### Activity
Set down exactly the lines in the records below that run from the line with "Fueled by Coffee" to the line with "Keebs Pottery Adorable", inclusive, and nothing more.

### Data excerpts
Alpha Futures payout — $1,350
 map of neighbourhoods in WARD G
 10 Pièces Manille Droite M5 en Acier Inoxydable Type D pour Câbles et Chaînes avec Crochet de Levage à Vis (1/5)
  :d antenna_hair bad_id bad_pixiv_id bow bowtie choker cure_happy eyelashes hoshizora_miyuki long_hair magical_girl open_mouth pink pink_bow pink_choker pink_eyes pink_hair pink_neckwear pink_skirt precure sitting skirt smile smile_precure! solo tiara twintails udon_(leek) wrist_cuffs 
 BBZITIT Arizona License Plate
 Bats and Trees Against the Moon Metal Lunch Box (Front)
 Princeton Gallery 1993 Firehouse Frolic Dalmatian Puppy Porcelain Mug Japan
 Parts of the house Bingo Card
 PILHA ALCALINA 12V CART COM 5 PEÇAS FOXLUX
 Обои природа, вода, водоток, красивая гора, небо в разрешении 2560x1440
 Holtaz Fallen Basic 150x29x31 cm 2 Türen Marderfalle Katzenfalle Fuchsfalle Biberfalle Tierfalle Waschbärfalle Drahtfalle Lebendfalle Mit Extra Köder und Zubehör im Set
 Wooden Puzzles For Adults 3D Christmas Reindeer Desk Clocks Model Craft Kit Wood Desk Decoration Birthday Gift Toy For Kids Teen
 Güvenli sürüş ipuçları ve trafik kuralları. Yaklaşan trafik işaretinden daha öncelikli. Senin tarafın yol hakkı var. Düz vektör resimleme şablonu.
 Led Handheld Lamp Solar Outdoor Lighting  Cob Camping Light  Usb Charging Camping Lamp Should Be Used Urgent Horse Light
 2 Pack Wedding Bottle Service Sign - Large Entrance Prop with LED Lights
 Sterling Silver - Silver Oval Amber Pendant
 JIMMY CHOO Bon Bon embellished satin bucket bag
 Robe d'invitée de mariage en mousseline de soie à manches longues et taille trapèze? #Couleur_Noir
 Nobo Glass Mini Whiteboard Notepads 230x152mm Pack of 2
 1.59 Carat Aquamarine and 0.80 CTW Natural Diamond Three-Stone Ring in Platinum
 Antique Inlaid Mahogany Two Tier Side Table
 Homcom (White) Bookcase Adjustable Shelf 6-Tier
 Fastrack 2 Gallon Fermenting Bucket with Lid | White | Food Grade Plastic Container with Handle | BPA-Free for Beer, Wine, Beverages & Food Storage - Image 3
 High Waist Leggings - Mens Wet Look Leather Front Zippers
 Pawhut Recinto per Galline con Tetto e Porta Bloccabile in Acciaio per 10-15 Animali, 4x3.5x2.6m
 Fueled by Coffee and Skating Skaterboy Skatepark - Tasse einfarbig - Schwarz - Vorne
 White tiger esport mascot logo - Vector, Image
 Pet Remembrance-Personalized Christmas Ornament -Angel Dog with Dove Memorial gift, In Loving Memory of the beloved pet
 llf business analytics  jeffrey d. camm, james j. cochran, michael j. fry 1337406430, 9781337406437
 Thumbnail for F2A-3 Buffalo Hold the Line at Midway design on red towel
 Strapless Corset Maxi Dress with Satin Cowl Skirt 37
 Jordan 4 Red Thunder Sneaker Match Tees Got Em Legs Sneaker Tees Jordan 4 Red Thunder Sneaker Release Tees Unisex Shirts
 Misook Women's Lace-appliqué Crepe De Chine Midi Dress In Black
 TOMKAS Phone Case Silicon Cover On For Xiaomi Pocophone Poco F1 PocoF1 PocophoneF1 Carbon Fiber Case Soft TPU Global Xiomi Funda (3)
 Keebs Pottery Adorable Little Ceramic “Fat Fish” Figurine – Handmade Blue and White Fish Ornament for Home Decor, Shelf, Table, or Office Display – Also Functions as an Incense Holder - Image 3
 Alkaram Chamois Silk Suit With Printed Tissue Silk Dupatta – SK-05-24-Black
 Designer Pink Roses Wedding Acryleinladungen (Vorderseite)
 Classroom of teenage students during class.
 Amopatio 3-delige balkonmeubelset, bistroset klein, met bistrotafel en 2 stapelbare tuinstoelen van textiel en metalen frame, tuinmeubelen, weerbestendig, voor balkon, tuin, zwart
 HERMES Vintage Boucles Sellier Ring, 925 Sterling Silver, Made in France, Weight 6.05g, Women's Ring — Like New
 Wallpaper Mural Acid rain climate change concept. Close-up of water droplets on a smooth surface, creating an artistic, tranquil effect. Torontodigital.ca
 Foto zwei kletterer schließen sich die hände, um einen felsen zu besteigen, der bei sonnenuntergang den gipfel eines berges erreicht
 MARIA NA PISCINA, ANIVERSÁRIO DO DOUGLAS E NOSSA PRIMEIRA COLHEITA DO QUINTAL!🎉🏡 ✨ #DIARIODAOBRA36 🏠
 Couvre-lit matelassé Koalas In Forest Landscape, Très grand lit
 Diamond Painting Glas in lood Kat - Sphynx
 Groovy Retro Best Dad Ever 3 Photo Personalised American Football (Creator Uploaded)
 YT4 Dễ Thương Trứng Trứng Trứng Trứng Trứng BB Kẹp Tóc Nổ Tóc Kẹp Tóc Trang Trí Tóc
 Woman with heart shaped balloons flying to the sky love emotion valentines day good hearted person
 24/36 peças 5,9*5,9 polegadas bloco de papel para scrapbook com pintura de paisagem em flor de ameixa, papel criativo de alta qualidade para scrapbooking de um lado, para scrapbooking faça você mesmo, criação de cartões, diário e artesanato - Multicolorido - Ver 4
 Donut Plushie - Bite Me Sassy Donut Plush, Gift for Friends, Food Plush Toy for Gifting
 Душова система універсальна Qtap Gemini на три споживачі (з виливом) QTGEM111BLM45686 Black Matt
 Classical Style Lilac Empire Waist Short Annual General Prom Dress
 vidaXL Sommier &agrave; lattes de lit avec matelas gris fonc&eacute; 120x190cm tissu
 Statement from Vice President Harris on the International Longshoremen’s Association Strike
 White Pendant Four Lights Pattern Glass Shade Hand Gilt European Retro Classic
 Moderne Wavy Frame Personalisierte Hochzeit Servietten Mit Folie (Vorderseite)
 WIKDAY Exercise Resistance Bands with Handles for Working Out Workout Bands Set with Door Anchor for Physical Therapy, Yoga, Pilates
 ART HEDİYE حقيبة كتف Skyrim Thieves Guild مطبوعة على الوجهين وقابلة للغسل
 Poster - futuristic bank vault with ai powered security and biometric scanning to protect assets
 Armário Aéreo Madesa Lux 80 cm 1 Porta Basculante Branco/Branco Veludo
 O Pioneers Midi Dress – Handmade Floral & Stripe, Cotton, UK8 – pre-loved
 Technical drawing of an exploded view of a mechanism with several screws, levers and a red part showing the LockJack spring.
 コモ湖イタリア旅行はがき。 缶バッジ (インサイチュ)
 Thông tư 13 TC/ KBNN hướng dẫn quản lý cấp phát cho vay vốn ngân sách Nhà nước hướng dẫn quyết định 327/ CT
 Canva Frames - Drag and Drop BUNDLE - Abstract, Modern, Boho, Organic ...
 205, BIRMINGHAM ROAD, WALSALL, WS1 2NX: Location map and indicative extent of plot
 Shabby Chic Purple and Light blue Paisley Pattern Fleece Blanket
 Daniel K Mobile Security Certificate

### Answer section
 Fueled by Coffee and Skating Skaterboy Skatepark - Tasse einfarbig - Schwarz - Vorne
 White tiger esport mascot logo - Vector, Image
 Pet Remembrance-Personalized Christmas Ornament -Angel Dog with Dove Memorial gift, In Loving Memory of the beloved pet
 llf business analytics  jeffrey d. camm, james j. cochran, michael j. fry 1337406430, 9781337406437
 Thumbnail for F2A-3 Buffalo Hold the Line at Midway design on red towel
 Strapless Corset Maxi Dress with Satin Cowl Skirt 37
 Jordan 4 Red Thunder Sneaker Match Tees Got Em Legs Sneaker Tees Jordan 4 Red Thunder Sneaker Release Tees Unisex Shirts
 Misook Women's Lace-appliqué Crepe De Chine Midi Dress In Black
 TOMKAS Phone Case Silicon Cover On For Xiaomi Pocophone Poco F1 PocoF1 PocophoneF1 Carbon Fiber Case Soft TPU Global Xiomi Funda (3)
 Keebs Pottery Adorable Little Ceramic “Fat Fish” Figurine – Handmade Blue and White Fish Ornament for Home Decor, Shelf, Table, or Office Display – Also Functions as an Incense Holder - Image 3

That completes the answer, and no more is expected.